We’ve talked about devices that aid the visually impaired in the past. As with much modern innovation, many tools are developed concurrently as technological standards move forward to support people who might otherwise need assistance. But with all this innovation and the developing assistive technologies being developed simultaneously to support it, there is a risk that certain existing technological needs being left behind. Then, there comes some developer proving that idea wrong. Six researchers from the Massachusetts Institute of Technology (MIT) are developing such a technology, it’s called Tactile, and it is a braille scanner that instantly translates text, regardless of the print source.
It’s an interesting solution to an existing problem. As it is, there’s been a large call to improve the quality of accessibility of books for the visually impaired.
The braille scanner is a handheld device containing a scanning mechanism allowing the user to scan the section of the text they want to be translated into Braille. Then, optical character recognition technology examines the scanned image for the characters as the device itself translates that text into Braille using Microsoft’s Computer Vision API. After that the pins on the top move into position making the Braille characters.
At this time the device is about as large as a candy bar and can display six characters at a time (with five being the average for an English word). The goal, with this product, is to not only make it effective but ultimately inexpensive to the consumer compared to existing technologies as most of them range in the thousands at cost and those only translate digital documents. The team’s goal is to make the final cost of the device as cheap as possible for the end user, stating that the maximum cost would be around $200 US, without any restriction which printed document the user wants to be scanned.
Despite the function of the prototype the team still wishes to improve explaining how they wish to have the device scan entire pages in a single run rather than section by section and expect to have their final prototype ready within the next two years before working with managers and distributors.
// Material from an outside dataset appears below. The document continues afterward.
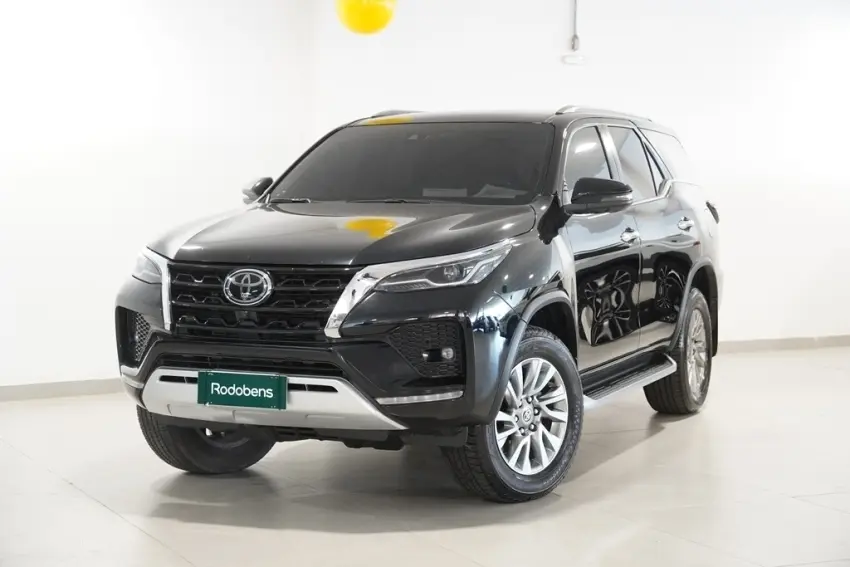 galeria HILUX SW4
The team, known as Team Tactile, consists of Chen (Bonnie) Wang, Chandani Doshi, Grace Li, Jessica (Jialin) Shi, Charlene Xia, and Tania Yu, won the Lemelson-MIT Student Prize this year for their work on this prototype and has since gained considerable press in the tech world for it. This attention hasn’t caused them to step up their timetable on producing a retail model though, as they still intend to realize their final vision of the product and improve upon any existing faults well before considering the proper course for such a step.